This may be the last post until after my wedding next weekend. Anticipatory inquietude gnaws my mind. And there are errands galore, some that may make for amusing blog fodder. Like, I could regale you with a scathing recount of yesterday’s trip to David’s Bridal on a frantic hunt for accessories, during which I saw scores of girls in their early 20s, all either trailer-trash rail thin or fast-food chubby, sashay around in gaudy dresses while their adoring entourages squeed about how flattering that neckline is. Maybe I’m just bitter because my own bridal dress shopping experience was as solitary as a nose pick. If my neckline is woefully unflattering, I only have myself to passive aggressively resent.

Yes, all these bridal observations are so delightful. Unfortunately my writing energies are stretched thin these days. Both my full-time job and my consulting job are entering “produce or die” phases in the product lifecycle. The workload of a technical writer is like this: Twiddle thumbs, twiddle thumbs, twiddle thumbs… Incoming, HOLY CRIPES. Then come the 11 hour days, the desire to punch strangers who walk too slow on the sidewalk, the sense that my keyboard is taunting me: Feed me words, missy. Feed me! Is that fastest you can type?

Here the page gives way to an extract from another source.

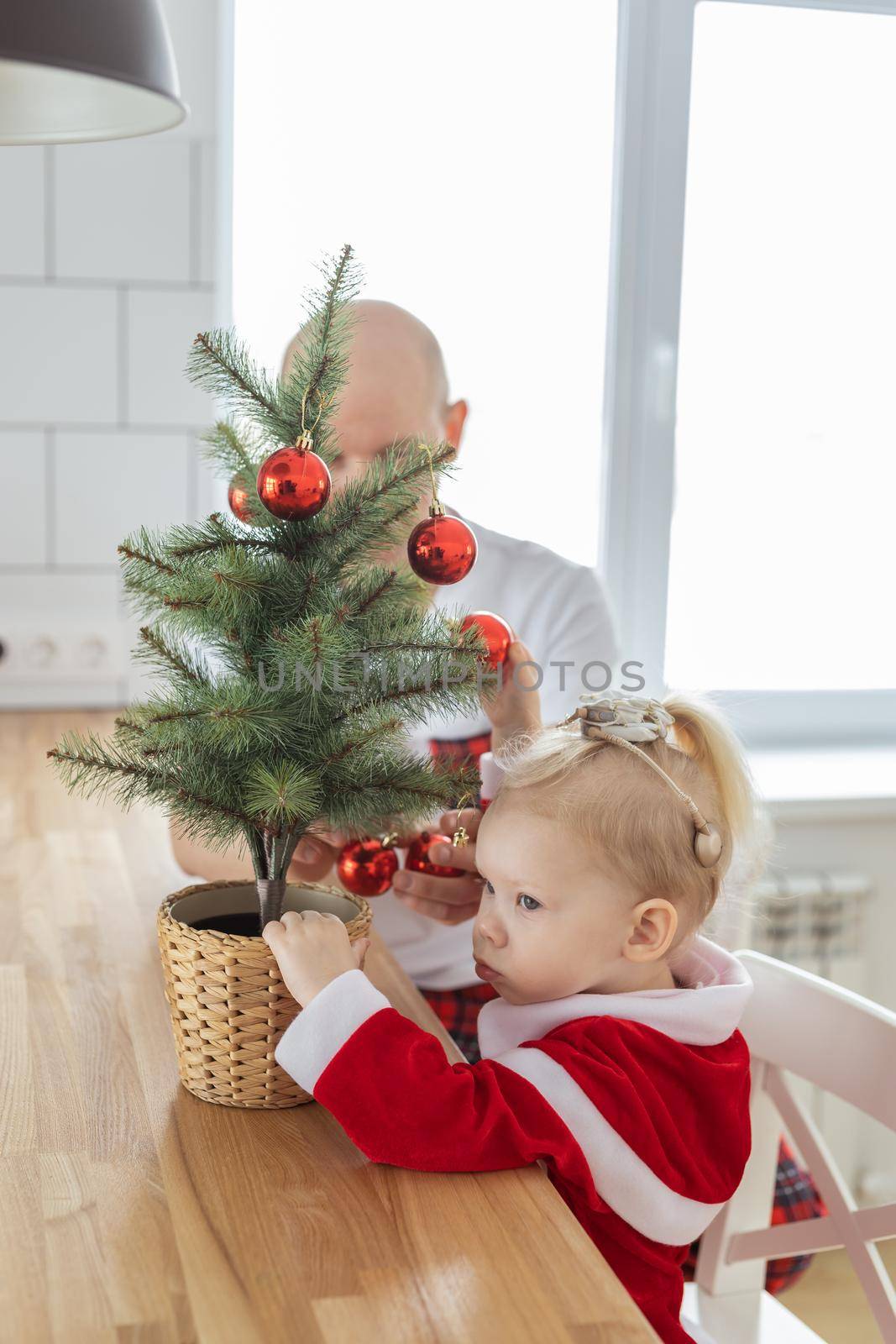 Child with cochlear implant hearing aid having fun with father and small christmas tree - diversity and inclusion and deafness treatment and medical innovative technologies by Satura86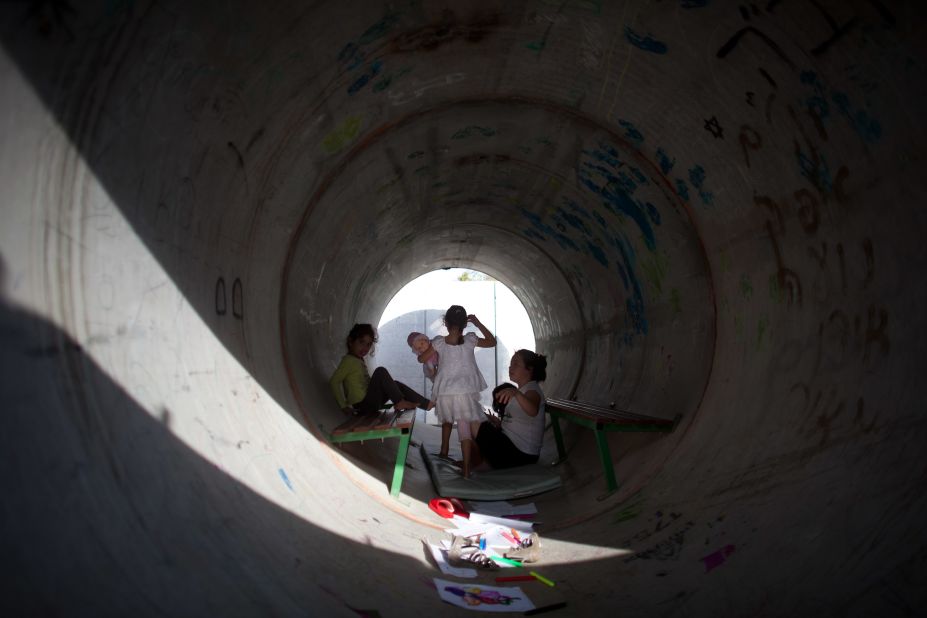 Israeli children play in a large concrete pipe used as a bomb shelter on Monday in Nitzan.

Nervous. I’m a little nervous about the wedding. All eyes will sit on me as I portray the serene, blushing bride, ensconced in all the traditional trappings of matrimony. I avoid spotlights and rarely crave to be the center of attention, despite what the rampant exhibitionism on this website may suggest. The last time I was the focal point of a large gathering of people was 5 years ago during an office Halloween party, when my angel costume landed me as a finalist in the costume contest. Coincidentally, I also wore white.

I have carefully constructed a facade of bridal innocence to cover-up the mental and physical sullying by the passage of time. I’m more fearful that what everyone tells me is true: That your wedding day is the fastest day of your life. It is over in a blink of an eye. I’m scared that when Mr. P and I grow old together, we’ll remember the solid year of wedding planning, we’ll have the pictures and mementos to ponder, but the happiest day of our lives will be a blur. Even couples who love each other as desperately as we do must be scared for the wedding to be over, and real life to begin.